Ne manquez pas ce formidable voyage initiatique, cette comédie tendre, émouvante et caustique, qui vous fera oublier le temps qui passe, qui vous rappellera qu’il n’y a pas d’âge pour être follement joyeux et gaiement déraisonnable, pas d’âge pour se réconcilier avec son passé, pour oser, oser être soi… Et puis ce serait dommage de manquer les premiers pas réussis de Vianney au cinéma et de ne pas rencontrer cette Nina, personnage inoubliable par la grâce de Fanny Ardant, et de ne pas succomber au charme ravageur de ce duo mère/fils fusionnel.

 Diane Kurys signe là un (nouveau) sublime portrait de femme qui n’est pas pour autant un stéréotype (et ça fait du bien !), une femme foudroyante vie et de beauté. Foudroyante de beauté comme une certaine chanson qui s'intitule L'homme et l'âme (qui rend magnifiquement hommage aux victimes des attentats du 13 novembre, avec une pudeur, une sensibilité et une délicatesse infinies) mais il n'y a pas de rapport me direz-vous (si ce n'est que je vous recommande les deux sans réserves) et puis  c'est déjà une autre histoire …

 

Date de sortie en salles de Ma mère est folle : 5 décembre 2018

Critique de "La femme d'à côté" de François Truffaut

Bernard Coudray (Gérard Depardieu) et Mathilde Bauchard (Fanny Ardant) se sont connus et aimés follement, passionnément, douloureusement, et séparés violemment, sept ans plus tôt. L’ironie tragique du destin va les remettre en présence lorsque le mari de Mathilde, Philippe Bauchard (Henri Garcin), qu’elle a récemment épousé, lui fait la surprise d’acheter une maison dans un hameau isolé, non loin de Grenoble, dans la maison voisine de celle qu’occupent Bernard, son épouse Arlette (Michèle Baumgartner), et leur jeune fils. (Une fenêtre sur cour que l’admirateur et grand connaisseur d’Hitchcock qu’était Truffaut n’a d’ailleurs certainement pas choisie innocemment.) Bernard et Mathilde taisent leur passé commun à leurs époux respectifs et vont bientôt renouer avec leur ancienne passion.

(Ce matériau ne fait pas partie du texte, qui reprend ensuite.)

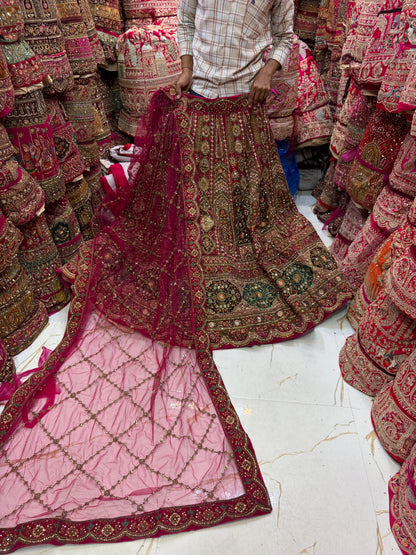 Heavy Dark Rani pink Bridal Lehenga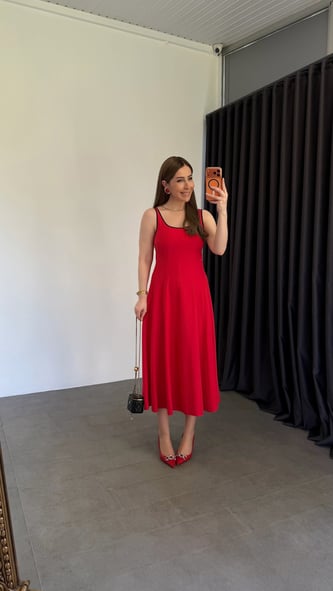 Biye Model Keten Elbise Kırmızı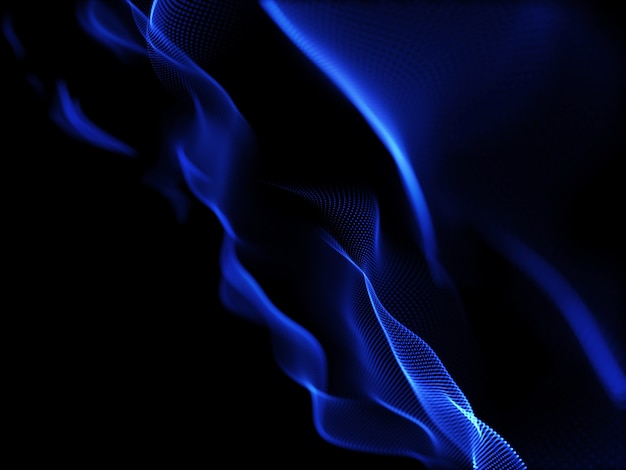 Rendering 3d di uno sfondo astratto con particelle cibernetiche che scorrono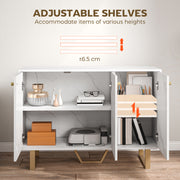 Modern Sideboard Storage Cabinet with Adjustable Shelves for Home Organisation, White Marble Tone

A mon sens, personne d’autre que Truffaut n’a su aussi bien transcrire les ravages de la passion, sa cruauté sublime et sa beauté douloureuse, cette « joie » et cette « souffrance » entremêlées. Si : dans un autre domaine, Balzac peut-être, dont Truffaut s’est d’ailleurs inspiré, notamment pour Baisers volés ( Le Lys dans la vallée ) ou  La Peau douce  (Pierre Lachenay y donne ainsi une conférence sur Balzac). L’amour chez Truffaut est en effet presque toujours destructeur et fatal.

La femme d’à côté est cette étrange étrangère au prénom d’héroïne de Stendhal, magnifiquement incarnée par la classe, l’élégance, le mystère, la voix ensorcelante et inimitable de Fanny Ardant, ici impétueuse et fragile, incandescente, ardente Fanny.

Truffaut dira ainsi : « J’ai volontairement gardé les conjoints à l’arrière-plan, choisissant d’avantager un personnage de confidente qui lance l’histoire et lui donne sa conclusion : « Ni avec toi, ni sans toi « . De quoi s’agit-il dans  La Femme d’à côté  ? D’amour et, bien entendu, d’amour contrarié sans quoi il n’y aurait pas d’histoire. L’obstacle, ici, entre les deux amants, ce n’est pas le poids de la société, ce n’est pas la présence d’autrui, ce n’est pas non plus la disparité des deux tempéraments mais bien au contraire leurs ressemblances. Ils sont encore tous deux dans l’exaltation du « tout ou rien » qui les a déjà séparés huit ans plus tôt. Lorsque le hasard du voisinage les remet en présence, dans un premier temps Mathilde se montre raisonnable, tandis que Bernard ne parvient pas à l’être. Puis la situation, comme le cylindre de verre d’un sablier, se renverse et c’est le drame. »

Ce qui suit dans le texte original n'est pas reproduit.